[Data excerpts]
---------------

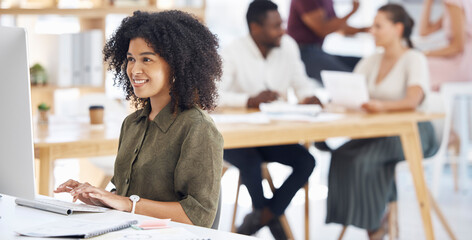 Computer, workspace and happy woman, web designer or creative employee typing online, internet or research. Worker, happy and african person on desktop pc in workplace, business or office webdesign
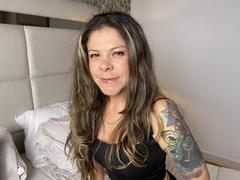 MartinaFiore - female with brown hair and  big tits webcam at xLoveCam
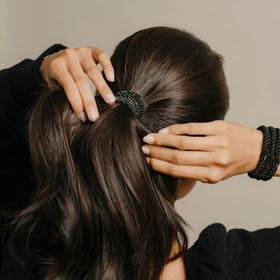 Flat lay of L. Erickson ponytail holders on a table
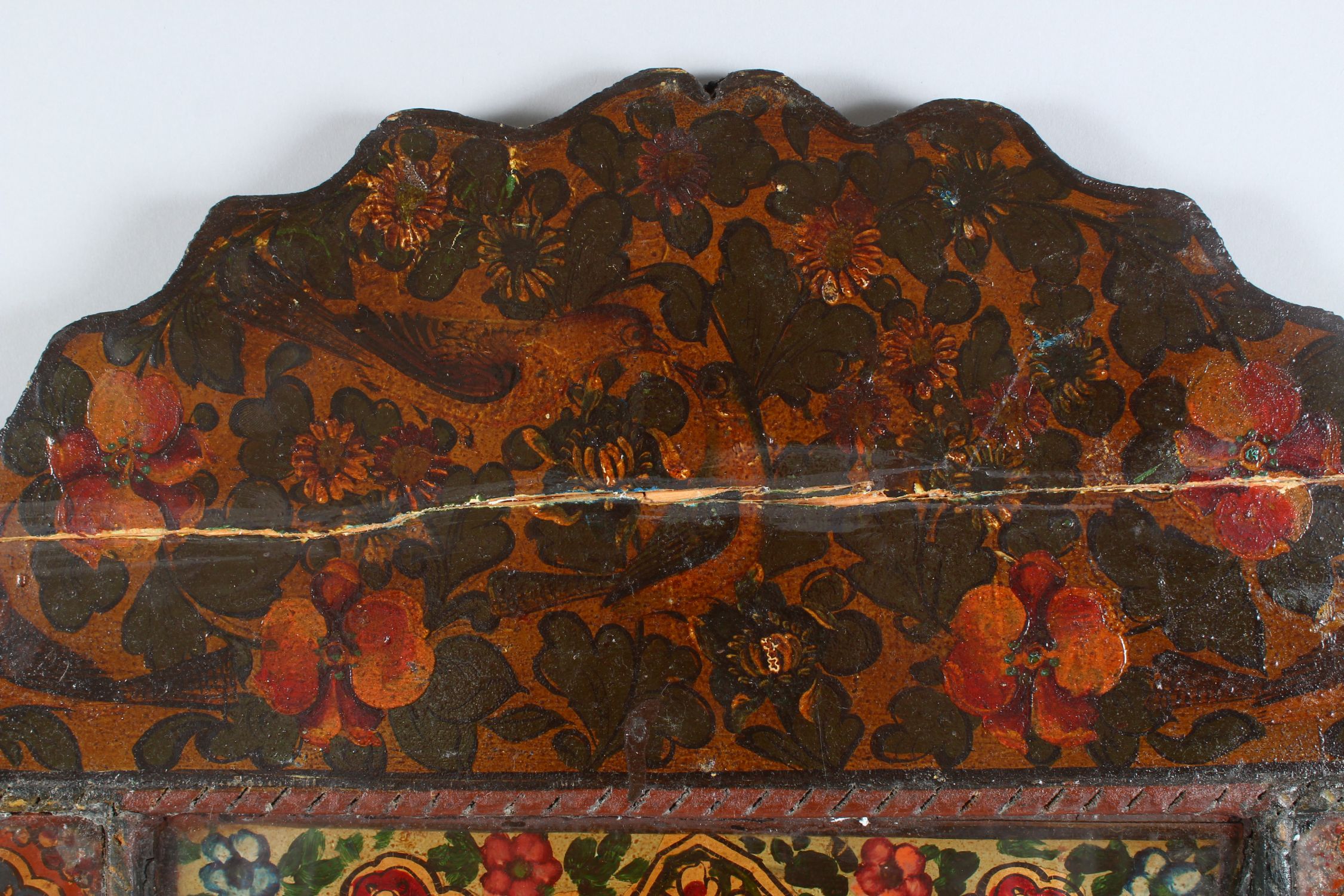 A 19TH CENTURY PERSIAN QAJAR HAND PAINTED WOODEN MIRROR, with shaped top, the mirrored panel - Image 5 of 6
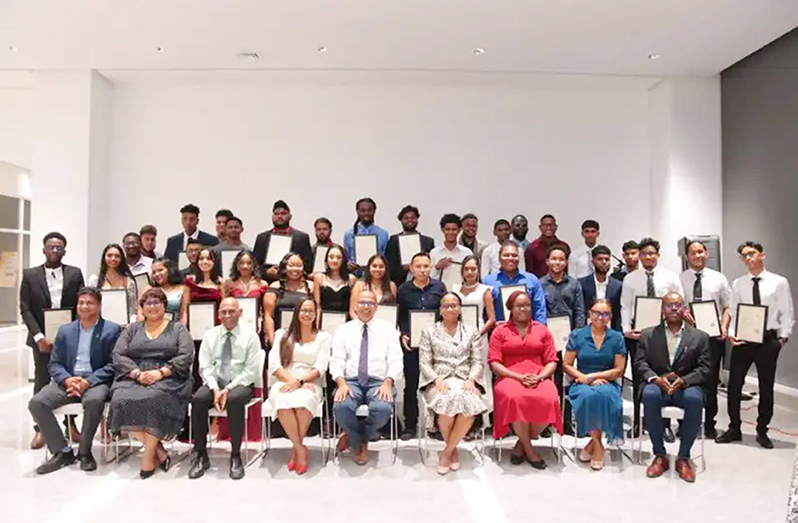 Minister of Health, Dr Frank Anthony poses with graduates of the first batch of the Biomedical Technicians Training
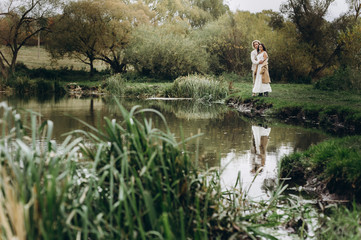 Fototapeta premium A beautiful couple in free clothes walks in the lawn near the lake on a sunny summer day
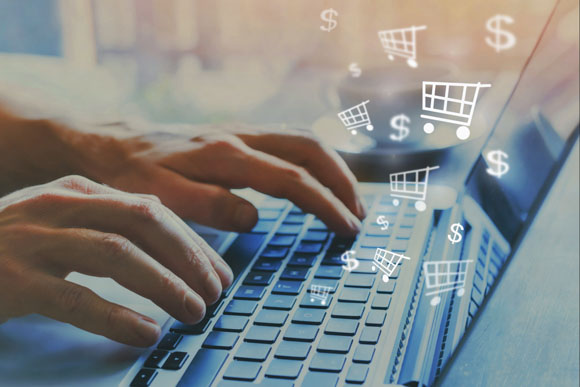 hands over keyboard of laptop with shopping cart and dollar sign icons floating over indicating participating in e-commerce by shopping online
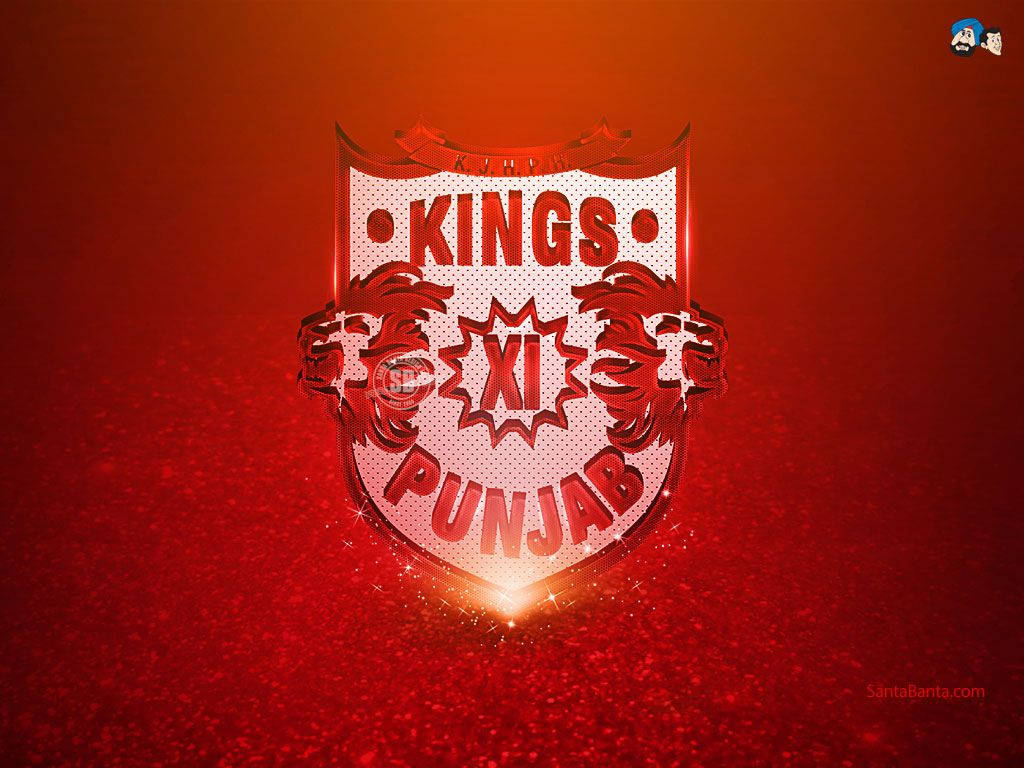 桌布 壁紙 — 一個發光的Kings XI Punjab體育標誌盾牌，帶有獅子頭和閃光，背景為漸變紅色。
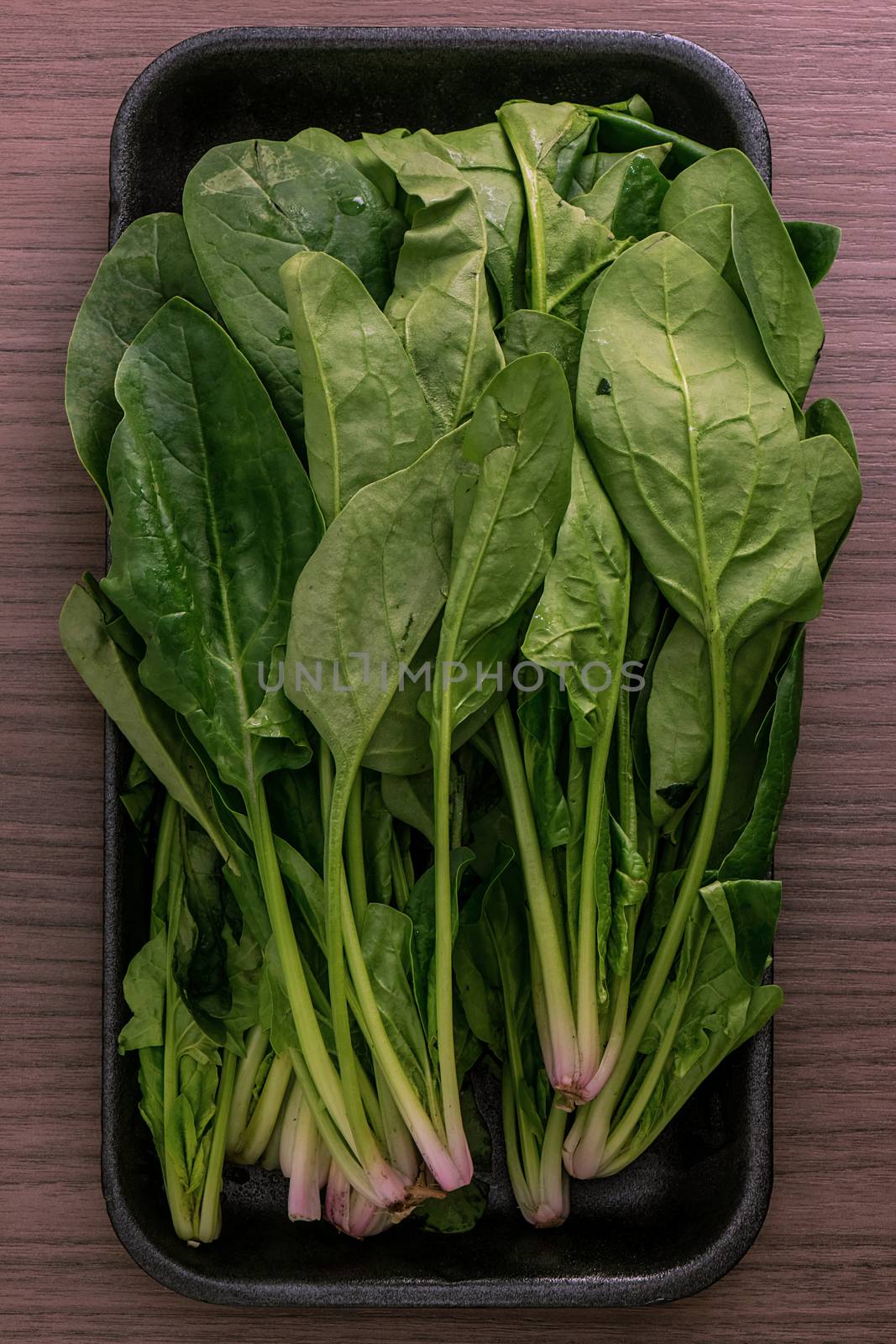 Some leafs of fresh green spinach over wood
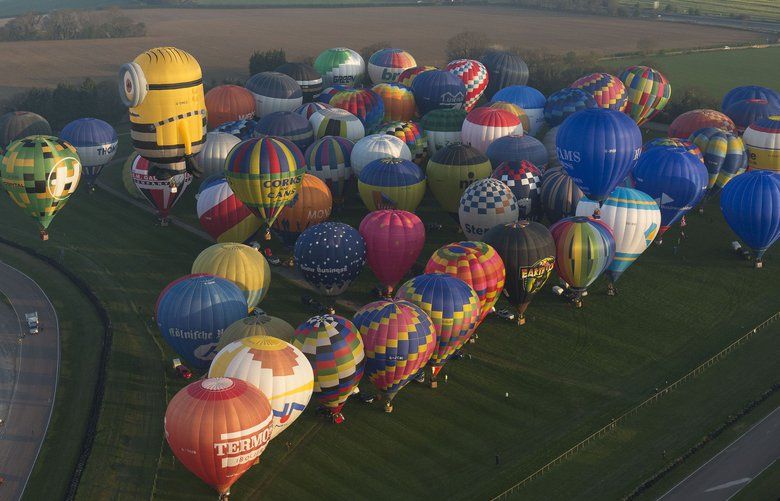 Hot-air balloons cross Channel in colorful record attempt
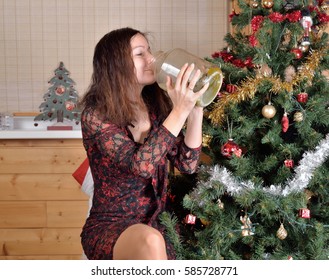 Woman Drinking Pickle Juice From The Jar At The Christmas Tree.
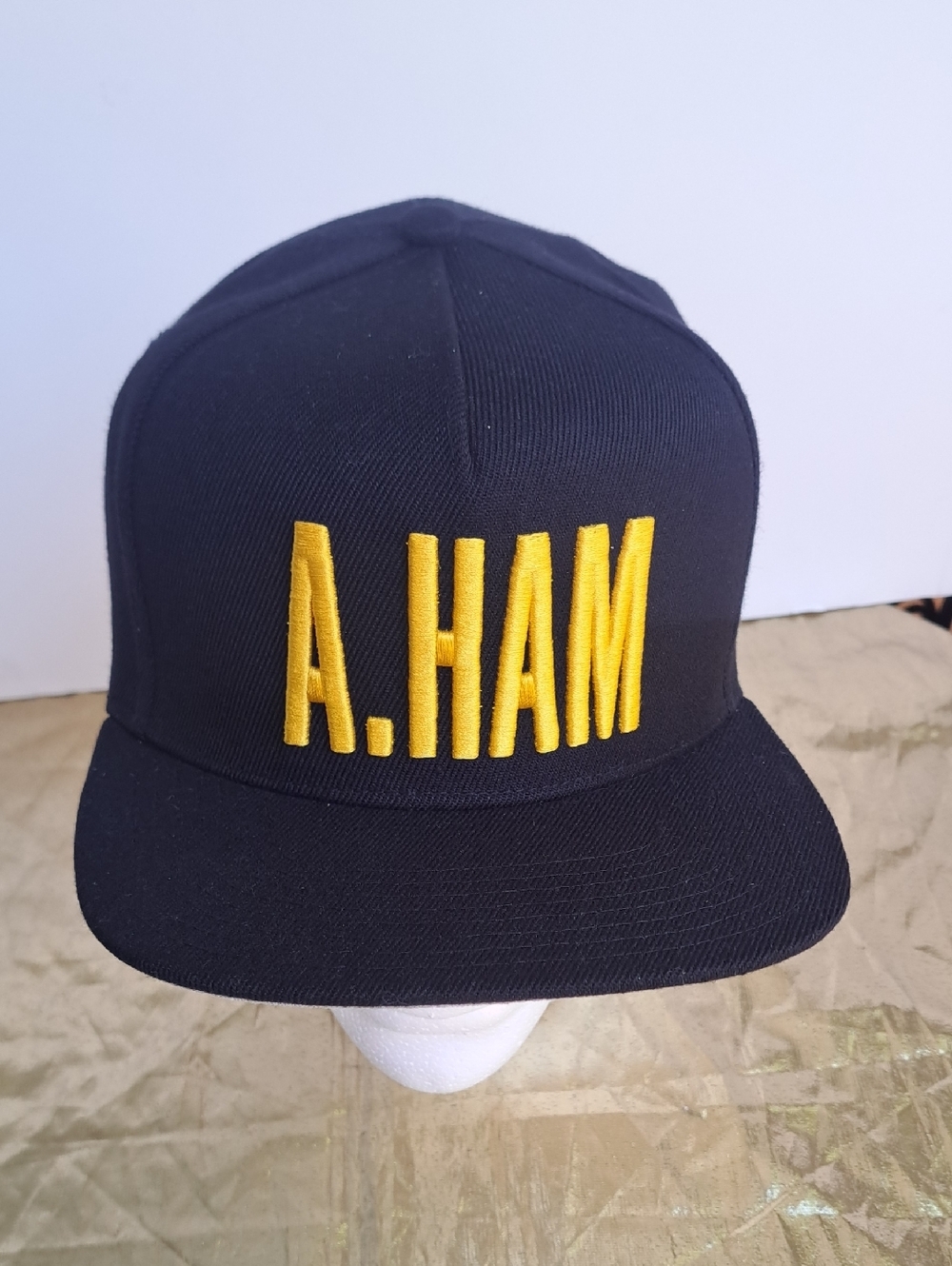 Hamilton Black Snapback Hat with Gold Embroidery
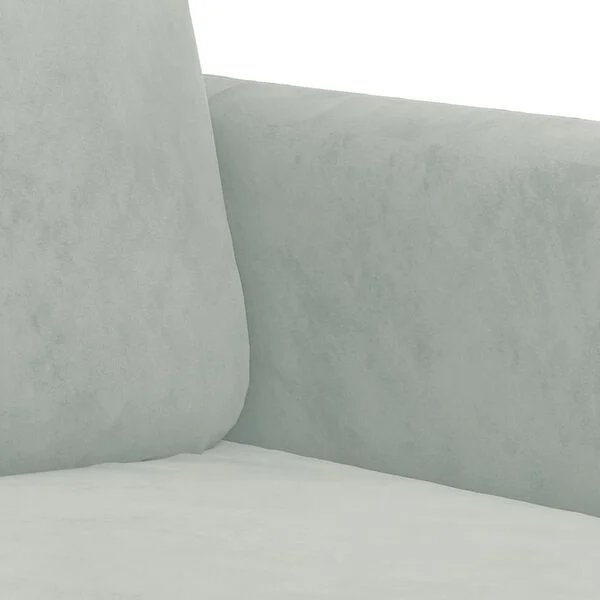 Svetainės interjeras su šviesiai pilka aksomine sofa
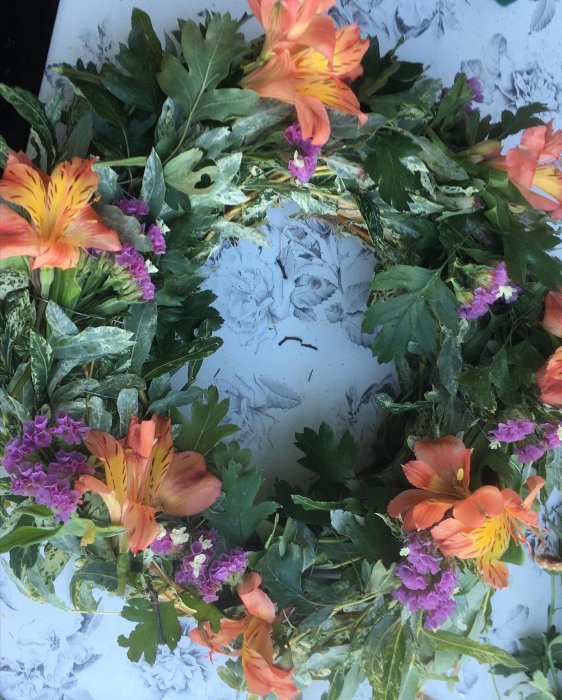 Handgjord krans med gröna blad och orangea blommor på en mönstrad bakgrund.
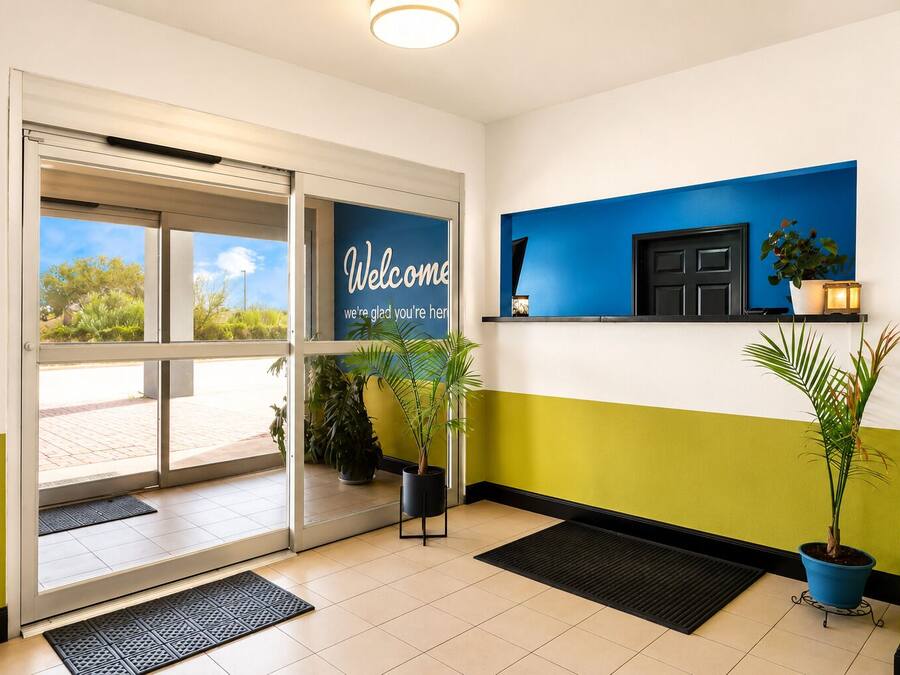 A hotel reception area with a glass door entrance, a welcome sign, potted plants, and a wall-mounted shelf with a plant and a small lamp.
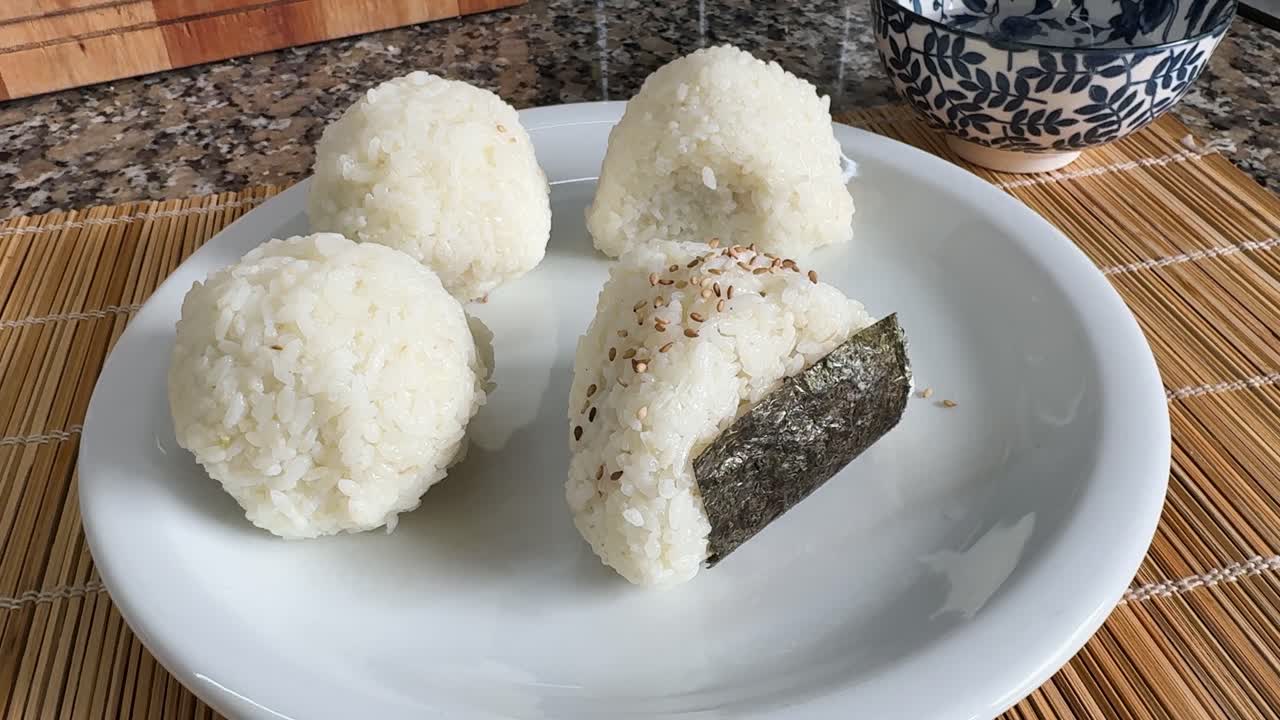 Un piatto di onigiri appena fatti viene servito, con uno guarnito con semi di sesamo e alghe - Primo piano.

---------------

[Task goal] When pictures appear in the records above, leave them out and reproduce exactly each line from the first through the line containing "桌布 壁紙 — 一個發光的Kings", both included.

[Reply]
 Computer, workspace and happy woman, web designer or creative employee typing online, internet or research. Worker, happy and african person on desktop pc in workplace, business or office webdesign
 MartinaFiore - female with brown hair and  big tits webcam at xLoveCam
 Flat lay of L. Erickson ponytail holders on a table
 A 19TH CENTURY PERSIAN QAJAR HAND PAINTED WOODEN MIRROR, with shaped top, the mirrored panel - Image 5 of 6
 Minister of Health, Dr Frank Anthony poses with graduates of the first batch of the Biomedical Technicians Training
 Fototapeta premium A beautiful couple in free clothes walks in the lawn near the lake on a sunny summer day
 hands over keyboard of laptop with shopping cart and dollar sign icons floating over indicating participating in e-commerce by shopping online
 桌布 壁紙 — 一個發光的Kings XI Punjab體育標誌盾牌，帶有獅子頭和閃光，背景為漸變紅色。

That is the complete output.